Marina, au fond du cœur, savait qu’elle n’appartenait pas à ce monde. Ce soir-là, elle s’était retrouvée exclue de l’anniversaire de Roma, son camarade de classe. Le contraste entre son vieux manteau usé et les vêtements dernier cri des autres l’avait fait se sentir invisible. Mais au lieu de pleurer dans l’ombre, elle avait décidé de s’éclipser discrètement, espérant que ce serait un mauvais rêve, mais c’était bien la réalité qui la frappait de plein fouet. La neige, qui tombait doucement dehors, semblait se moquer d’elle, comme si elle était seule à porter ce poids.
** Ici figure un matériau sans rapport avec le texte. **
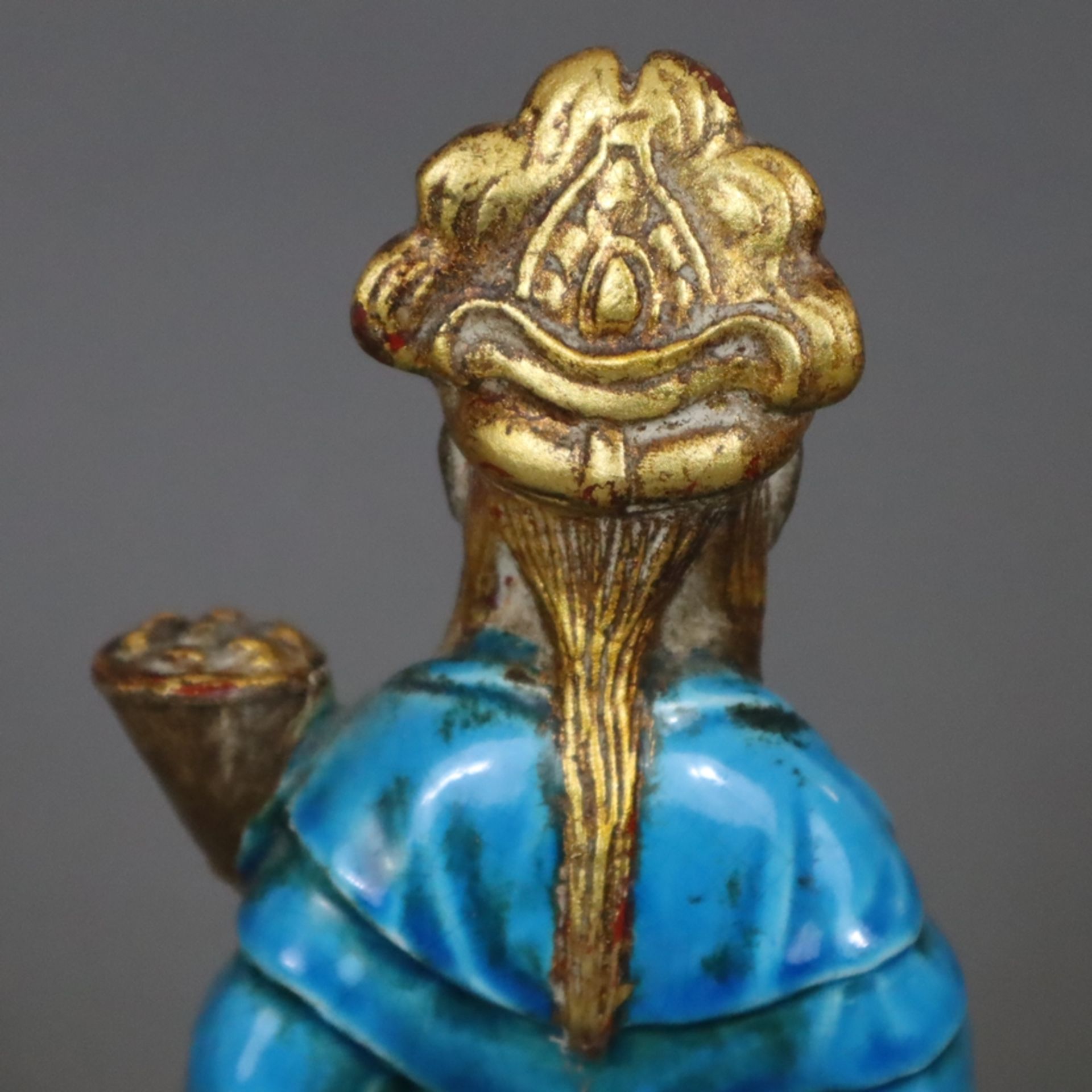Unsterblicher mit Füllhorn - China, Porzellan, Gewand und Lotossockel mit türkisblauer Glasur, Verg - Bild 8 aus 9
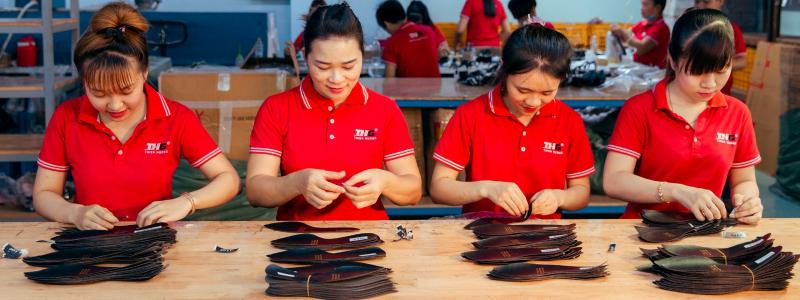 Xưởng sỉ giày dép nữ Thiên Hương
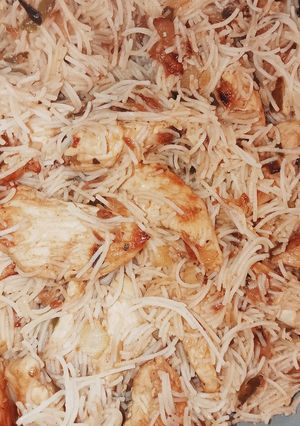 Una foto de Fideos de arroz con solomillo de pavo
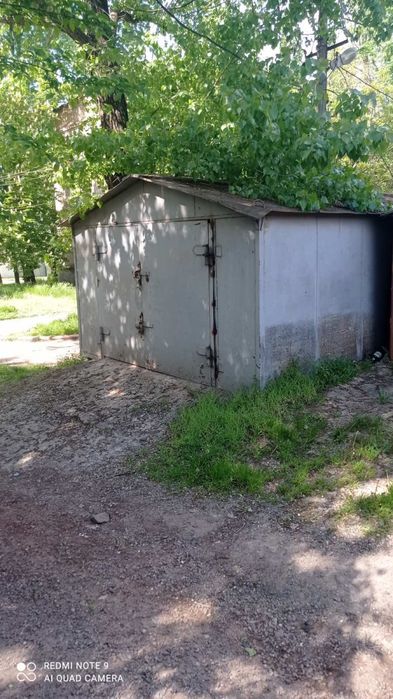 Продам гараж район к-р Олімп - пл. Артема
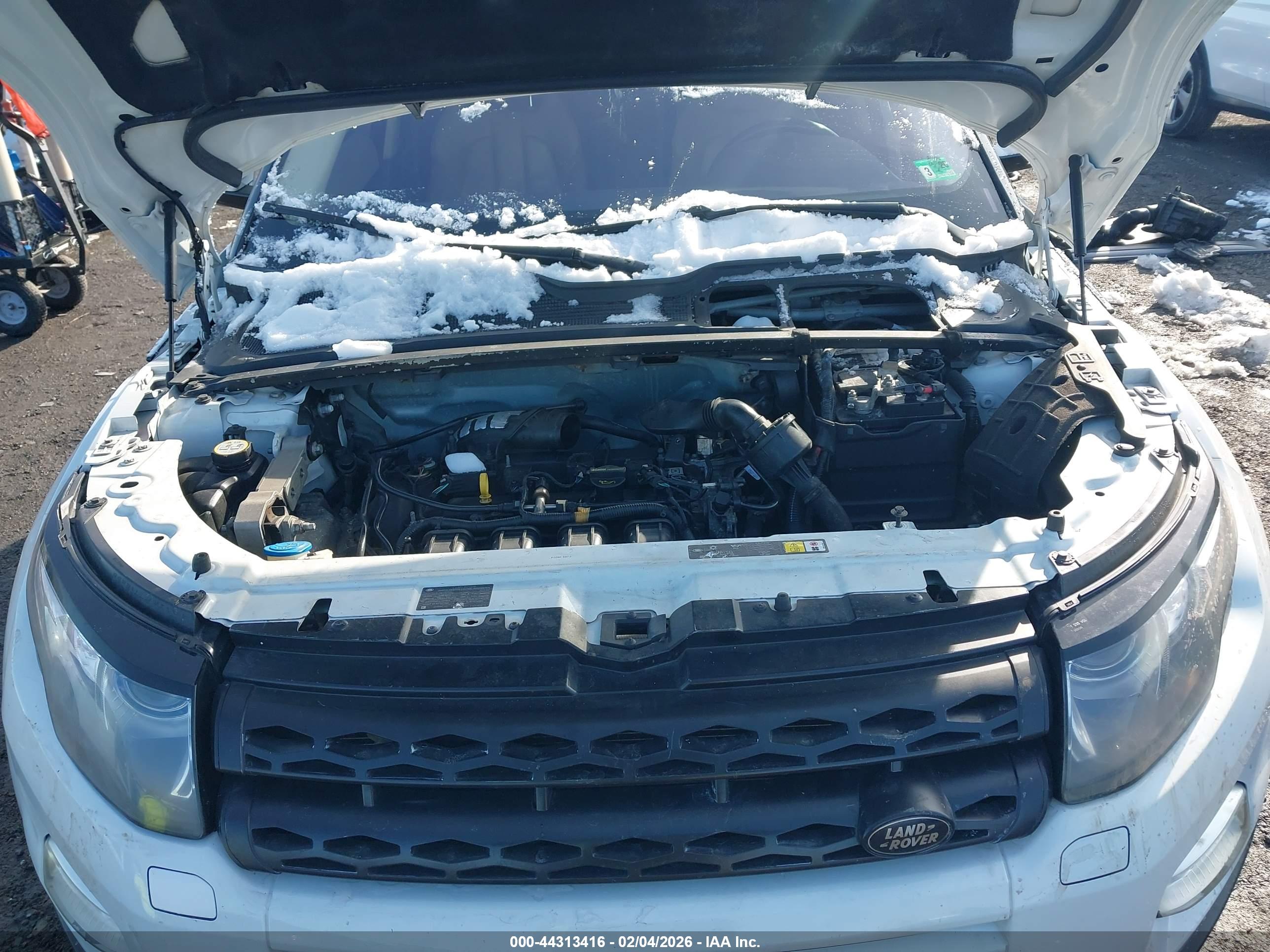 LAND ROVER image 10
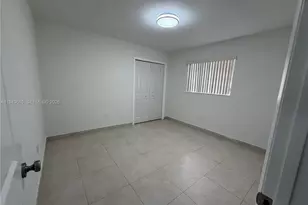 425 E 17th St, Hialeah, FL 33010 - Photo 15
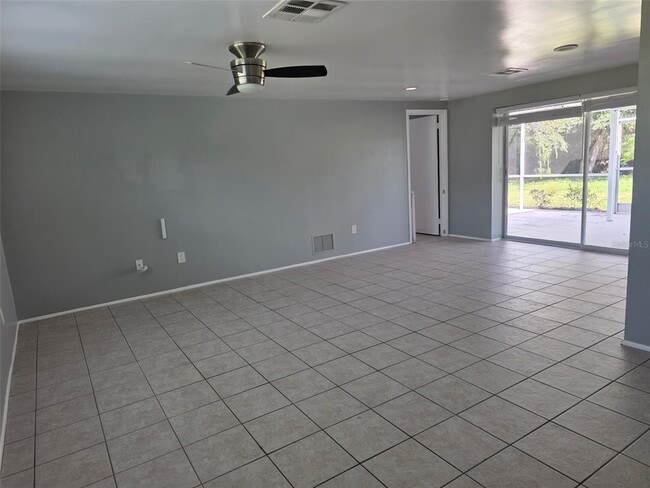 Foto del edificio - 425 S Venice Blvd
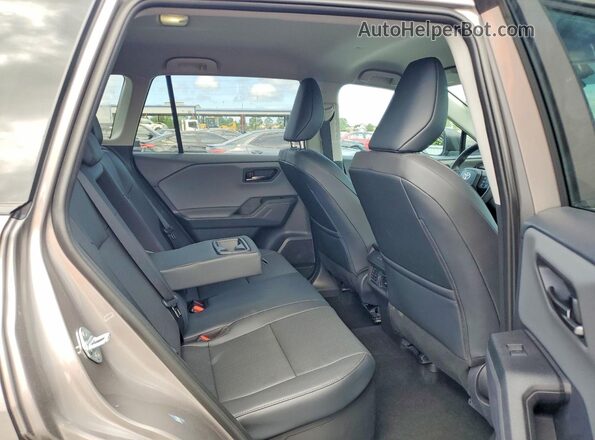 2T36DRBV8TW000646 2026 TOYOTA RAV4 Silver Widok wnętrza z tyłu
Marina se dirigea d’un pas rapide vers un bâtiment qu’elle avait déjà vu de loin. C’était une ancienne imprimerie, maintenant transformée en studio de décors, situé à quelques pas de l’anti-café “Havayya”. Ce lieu, autrefois animé par le bruit des machines, avait maintenant un silence étrange. Le vent soufflait fort, balayant la neige, et elle se retrouva face à la porte, comme si c’était le seul endroit où elle pouvait échapper à sa douleur. Quand elle aperçut de la fumée s’échappant du bâtiment, quelque chose au fond d’elle se réveilla.
Les craintes s’emparèrent d’elle, et sans hésiter, elle entra. L’odeur de brûlé et de peinture fraîche la fit frissonner. Les flammes jaillissaient du panneau électrique. Le danger était réel, mais Marina ne se laissa pas paralysée par la peur. Elle prit rapidement son manteau et le lança sur le tableau pour étouffer les flammes. Les étincelles qui volaient dans tous les sens n’étaient pas plus effrayantes que l’idée qu’elle avait agi sans réfléchir, guidée par un instinct de survie.
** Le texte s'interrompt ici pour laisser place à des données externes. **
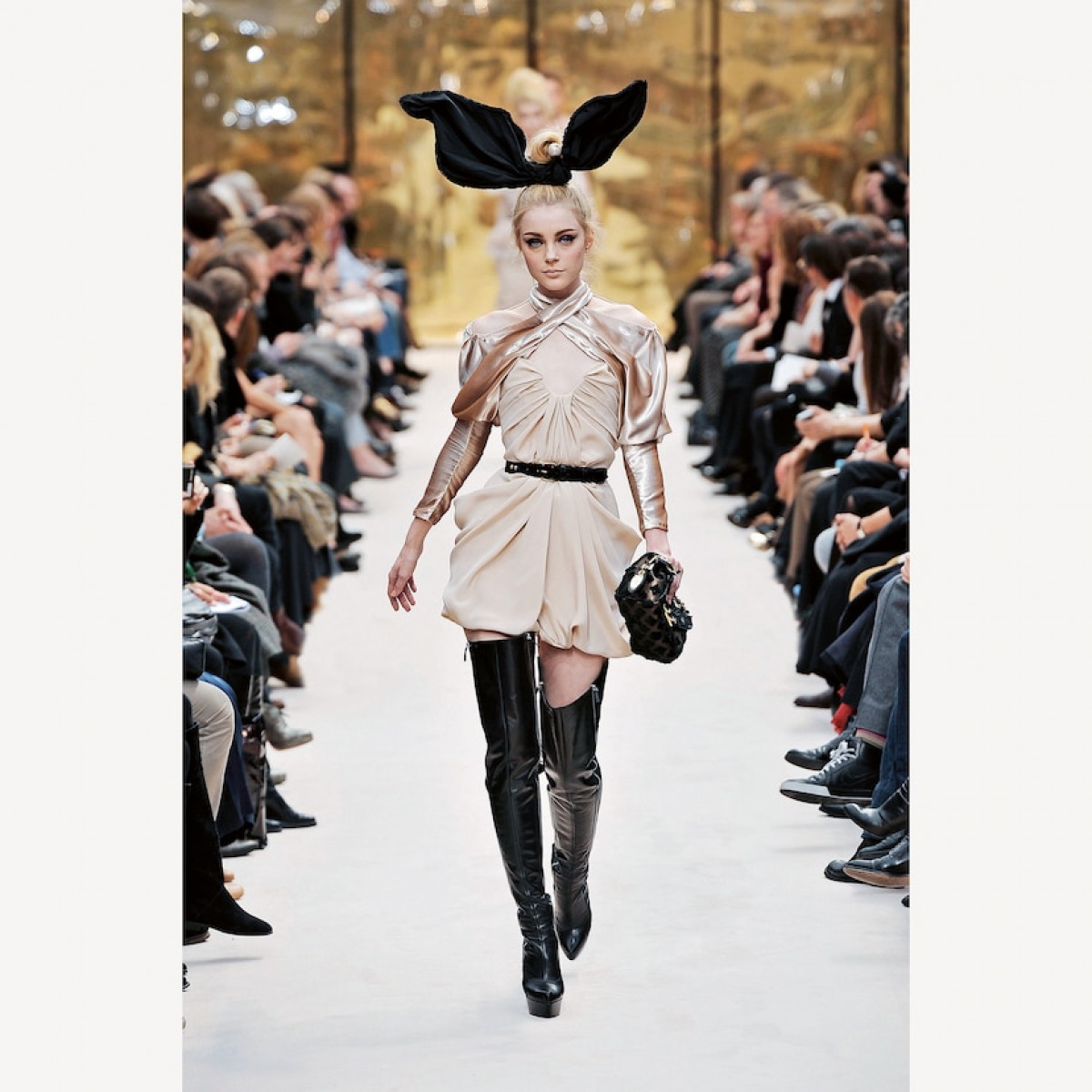 Louis Vuitton Catwalk: The Complete Fashion Collections : Rytter, Louise,  Ellison, Jo: : Libros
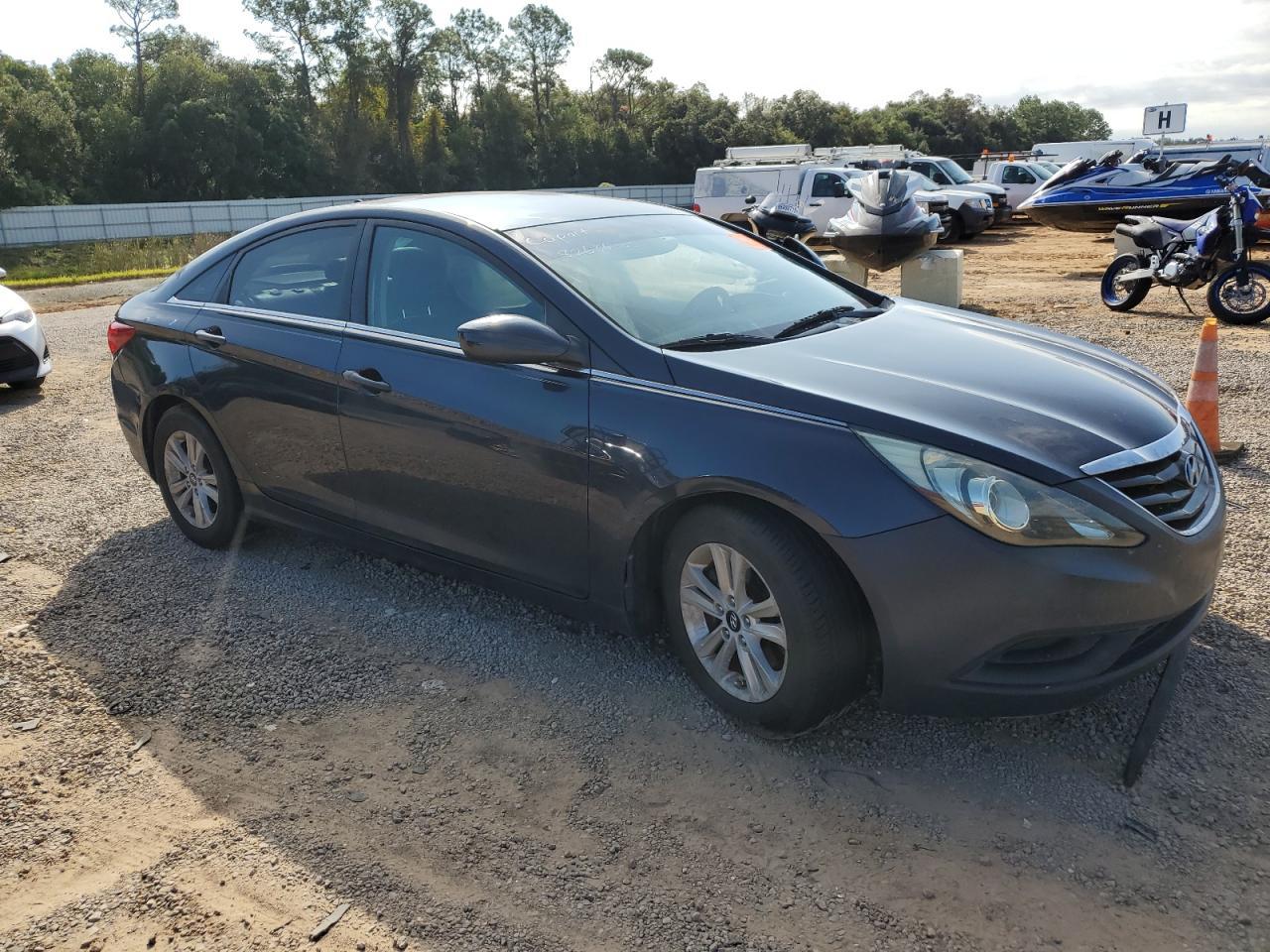 2011 Hyundai Sonata Gls - Image 4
Le bruit des portes qui s’ouvraient brutalement la fit sursauter, mais elle ne se retourna pas. Elle s’était lancée dans une mission dont elle ne connaissait pas la fin. Elle savait que la situation pouvait empirer à tout instant. Un cri provenant du haut des escaliers fit écho : “Les bonbonnes de gaz ! Elles sont là, à l’arrière !” Une frayeur soudaine envahit son corps. Elle courut vers l’arrière du bâtiment, déterminée à éviter le pire.
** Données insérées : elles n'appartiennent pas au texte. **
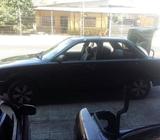 Nissan B13 para vender en partes para repuestos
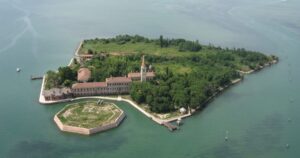Острів смерті в Італії хочуть перетворити на парк відпочинку для жителів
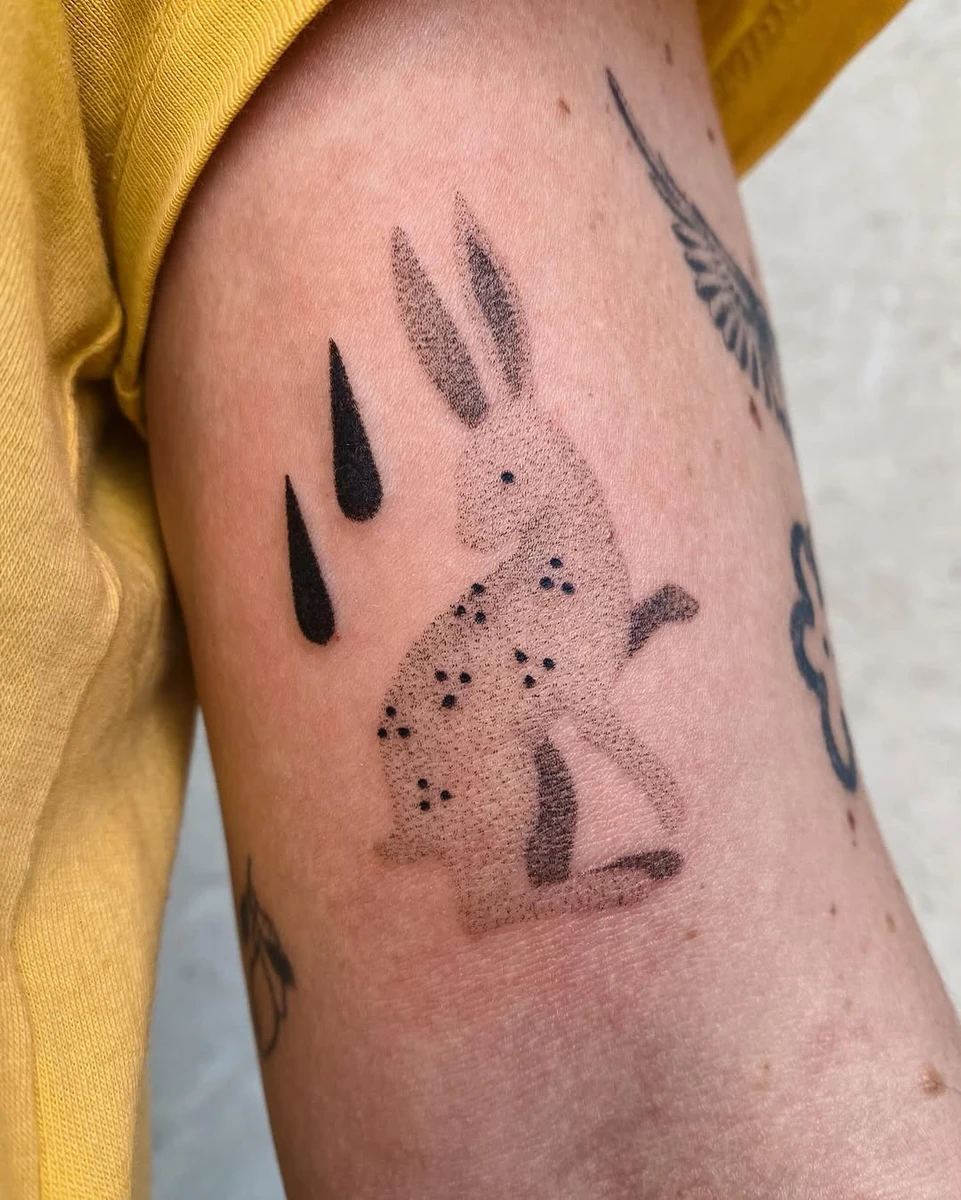 Merci Salomée d'avoir choisi ce flash. Handpoked chez @studiovoila.ttt.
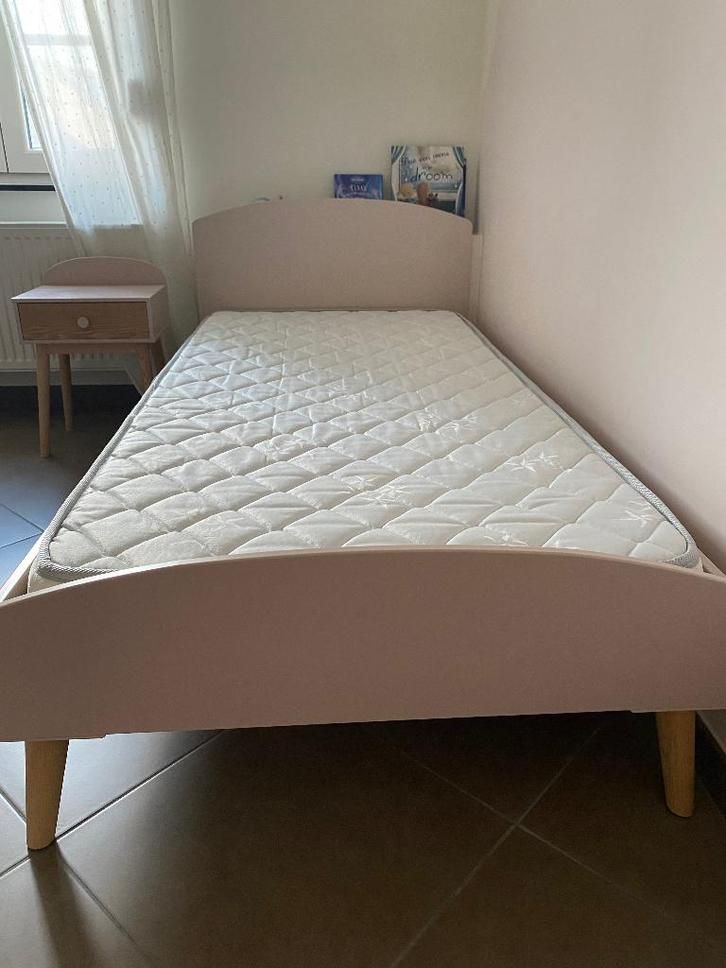 Vertbaudet Kinderbed + Nachtkastje, Enfants & Bébés, Chambre d'enfant | Lits, Comme neuf, 180 cm ou plus, 85 à 100 cm, Sommier à lattes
Mais la peur de l’inconnu la poussa à continuer. Elle n’était plus l’adolescente ignorée de l’anti-café. Elle était désormais celle qui agissait dans l’urgence, celle qui pourrait sauver des vies sans même savoir pourquoi elle était ici. Une ombre de fierté se dessina sur son visage, alors qu’elle s’approchait des bonbonnes de gaz, prête à affronter l’inattendu.